Israele ha tagliato in tre parti di Gaza. All’inizio di quest’anno ha creato il cosiddetto corridoio Netzarim, separando il nord e quella che un tempo era la densamente popolata Gaza City dal resto della Striscia. Poi ha alzato terrapieni e distrutto edifici a nord del capoluogo, lungo una linea orizzontale da est al mare, isolando Jabaliya, Beit Lahiya, Beit Hanoun e il resto del territorio settentrionale. Un funzionario dell’Onu ha descritto la situazione: «un assedio nell’assedio». È evidente l’intenzione di creare in quella parte una ampia «zona cuscinetto» controllata da Israele e in cui, malgrado le smentite, potrebbero insediarsi coloni. Così i movimenti degli oltre due milioni di civili palestinesi verrebbero ridotti al minimo: per loro si annunciano anni in condizioni di vita spaventose in appena 200 chilometri quadrati.

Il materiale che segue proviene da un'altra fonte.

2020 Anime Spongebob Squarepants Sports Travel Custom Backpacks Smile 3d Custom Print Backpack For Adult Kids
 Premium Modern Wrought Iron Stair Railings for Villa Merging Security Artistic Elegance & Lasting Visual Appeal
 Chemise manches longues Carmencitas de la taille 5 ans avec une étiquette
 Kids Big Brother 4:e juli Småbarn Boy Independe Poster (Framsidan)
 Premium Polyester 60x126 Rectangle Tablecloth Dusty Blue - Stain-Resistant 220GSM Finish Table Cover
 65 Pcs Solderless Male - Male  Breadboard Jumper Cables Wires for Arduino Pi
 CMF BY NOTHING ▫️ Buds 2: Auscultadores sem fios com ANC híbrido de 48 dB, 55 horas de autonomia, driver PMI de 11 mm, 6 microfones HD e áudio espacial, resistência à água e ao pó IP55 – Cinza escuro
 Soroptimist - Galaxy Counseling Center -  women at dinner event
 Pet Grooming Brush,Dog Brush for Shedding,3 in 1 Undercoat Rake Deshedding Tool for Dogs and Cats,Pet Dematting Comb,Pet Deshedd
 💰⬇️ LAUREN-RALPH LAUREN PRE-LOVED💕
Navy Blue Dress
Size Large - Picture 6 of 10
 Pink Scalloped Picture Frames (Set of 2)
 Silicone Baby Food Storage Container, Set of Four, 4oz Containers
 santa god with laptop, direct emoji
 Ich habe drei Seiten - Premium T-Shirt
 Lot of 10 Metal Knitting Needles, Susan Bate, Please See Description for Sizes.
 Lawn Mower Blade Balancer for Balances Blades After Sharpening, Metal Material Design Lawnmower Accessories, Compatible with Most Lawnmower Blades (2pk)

Torna lo spettro della carestia. Il Famine Review Committee (Frc) – parte della Integrated Food Security Phase Classification, che comprende 15 organizzazioni dell’Onu e ong che monitorano la sicurezza alimentare nel mondo – ha definito la situazione nel nord della Striscia «estremamente grave e in rapido deterioramento» e ha chiesto a tutte le parti di agire «entro giorni, non settimane» per evitare un disastro. Il rapporto punta l’indice contro Israele per l’assedio del nord di Gaza e gli ordini di evacuazione dell’intera popolazione. Tel Aviv ha respinto il rapporto e nega che l’ingresso di generi di prima necessità sia drasticamente calato nelle ultime settimane. Afferma di aver fatto passare tre giorni fa una dozzina di camion diretti a Jabaliya e Beit Hanoun.
Il governo Netanyahu festeggia un nuovo traguardo ottenuto grazie alle pressioni degli Stati uniti. Il Qatar ha annunciato il suo ritiro dalla mediazione per un cessate il fuoco a Gaza e, in questo quadro, ha stabilito che l’ufficio di Hamas a Doha «non serve più a nessuno scopo». In poche parole, il Qatar ha deciso di espellere la leadership del movimento islamico da anni sotto la sua protezione. Hamas nega di aver ricevuto l’ordine di lasciare il paese del Golfo.